- **Your instructions**: Once you find the line containing "White cat painting" in the data below, copy it and each following line exactly, up to and including the line containing "Doe-het-zelf Dames Sieraden", and nothing else.
══ Records provided
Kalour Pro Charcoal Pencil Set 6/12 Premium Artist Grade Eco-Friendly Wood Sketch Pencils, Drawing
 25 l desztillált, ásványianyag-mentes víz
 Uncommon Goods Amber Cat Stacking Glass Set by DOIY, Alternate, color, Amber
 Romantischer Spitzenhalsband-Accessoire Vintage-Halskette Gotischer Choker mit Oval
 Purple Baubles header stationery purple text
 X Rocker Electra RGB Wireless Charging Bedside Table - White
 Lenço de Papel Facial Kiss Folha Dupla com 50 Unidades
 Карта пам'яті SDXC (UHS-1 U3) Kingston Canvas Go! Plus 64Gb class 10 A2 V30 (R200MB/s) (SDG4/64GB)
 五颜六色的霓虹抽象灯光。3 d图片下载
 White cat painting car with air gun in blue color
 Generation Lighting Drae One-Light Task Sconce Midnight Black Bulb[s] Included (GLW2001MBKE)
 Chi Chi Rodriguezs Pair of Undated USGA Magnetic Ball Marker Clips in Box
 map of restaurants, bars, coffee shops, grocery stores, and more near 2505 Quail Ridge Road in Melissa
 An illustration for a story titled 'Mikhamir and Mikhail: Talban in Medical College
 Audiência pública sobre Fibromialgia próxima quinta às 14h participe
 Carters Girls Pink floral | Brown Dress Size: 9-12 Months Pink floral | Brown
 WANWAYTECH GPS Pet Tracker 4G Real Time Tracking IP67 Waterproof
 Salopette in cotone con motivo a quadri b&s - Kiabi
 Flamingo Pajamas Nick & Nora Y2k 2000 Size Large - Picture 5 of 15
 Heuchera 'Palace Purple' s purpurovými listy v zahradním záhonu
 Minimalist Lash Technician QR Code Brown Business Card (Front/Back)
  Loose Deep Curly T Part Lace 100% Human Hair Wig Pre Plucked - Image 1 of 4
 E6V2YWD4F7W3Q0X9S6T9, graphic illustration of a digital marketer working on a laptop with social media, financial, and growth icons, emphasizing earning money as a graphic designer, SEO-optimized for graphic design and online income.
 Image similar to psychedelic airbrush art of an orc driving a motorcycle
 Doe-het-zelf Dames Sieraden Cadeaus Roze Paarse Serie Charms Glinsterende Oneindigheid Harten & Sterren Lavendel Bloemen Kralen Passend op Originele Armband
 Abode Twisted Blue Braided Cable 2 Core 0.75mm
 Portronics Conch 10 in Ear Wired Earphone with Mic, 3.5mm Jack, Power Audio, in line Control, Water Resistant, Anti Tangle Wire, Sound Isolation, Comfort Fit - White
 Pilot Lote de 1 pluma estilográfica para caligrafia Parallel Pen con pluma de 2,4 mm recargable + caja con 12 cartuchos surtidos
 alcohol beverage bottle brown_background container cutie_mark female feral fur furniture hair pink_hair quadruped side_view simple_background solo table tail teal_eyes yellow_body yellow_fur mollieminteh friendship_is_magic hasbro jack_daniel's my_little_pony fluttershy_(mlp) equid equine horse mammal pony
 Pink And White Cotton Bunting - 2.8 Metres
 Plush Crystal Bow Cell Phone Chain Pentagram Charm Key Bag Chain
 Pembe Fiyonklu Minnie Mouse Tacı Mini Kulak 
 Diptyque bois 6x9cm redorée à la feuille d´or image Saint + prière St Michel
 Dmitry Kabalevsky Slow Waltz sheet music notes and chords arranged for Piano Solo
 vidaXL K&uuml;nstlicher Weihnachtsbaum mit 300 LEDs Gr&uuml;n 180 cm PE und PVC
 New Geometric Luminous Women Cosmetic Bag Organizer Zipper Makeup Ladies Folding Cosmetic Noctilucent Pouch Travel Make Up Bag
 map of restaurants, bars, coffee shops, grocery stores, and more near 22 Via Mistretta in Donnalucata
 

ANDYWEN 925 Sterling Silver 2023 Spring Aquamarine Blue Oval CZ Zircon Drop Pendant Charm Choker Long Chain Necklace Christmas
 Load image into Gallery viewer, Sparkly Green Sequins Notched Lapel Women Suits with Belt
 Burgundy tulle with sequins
════
- **Output**:
 White cat painting car with air gun in blue color
 Generation Lighting Drae One-Light Task Sconce Midnight Black Bulb[s] Included (GLW2001MBKE)
 Chi Chi Rodriguezs Pair of Undated USGA Magnetic Ball Marker Clips in Box
 map of restaurants, bars, coffee shops, grocery stores, and more near 2505 Quail Ridge Road in Melissa
 An illustration for a story titled 'Mikhamir and Mikhail: Talban in Medical College
 Audiência pública sobre Fibromialgia próxima quinta às 14h participe
 Carters Girls Pink floral | Brown Dress Size: 9-12 Months Pink floral | Brown
 WANWAYTECH GPS Pet Tracker 4G Real Time Tracking IP67 Waterproof
 Salopette in cotone con motivo a quadri b&s - Kiabi
 Flamingo Pajamas Nick & Nora Y2k 2000 Size Large - Picture 5 of 15
 Heuchera 'Palace Purple' s purpurovými listy v zahradním záhonu
 Minimalist Lash Technician QR Code Brown Business Card (Front/Back)
  Loose Deep Curly T Part Lace 100% Human Hair Wig Pre Plucked - Image 1 of 4
 E6V2YWD4F7W3Q0X9S6T9, graphic illustration of a digital marketer working on a laptop with social media, financial, and growth icons, emphasizing earning money as a graphic designer, SEO-optimized for graphic design and online income.
 Image similar to psychedelic airbrush art of an orc driving a motorcycle
 Doe-het-zelf Dames Sieraden Cadeaus Roze Paarse Serie Charms Glinsterende Oneindigheid Harten & Sterren Lavendel Bloemen Kralen Passend op Originele Armband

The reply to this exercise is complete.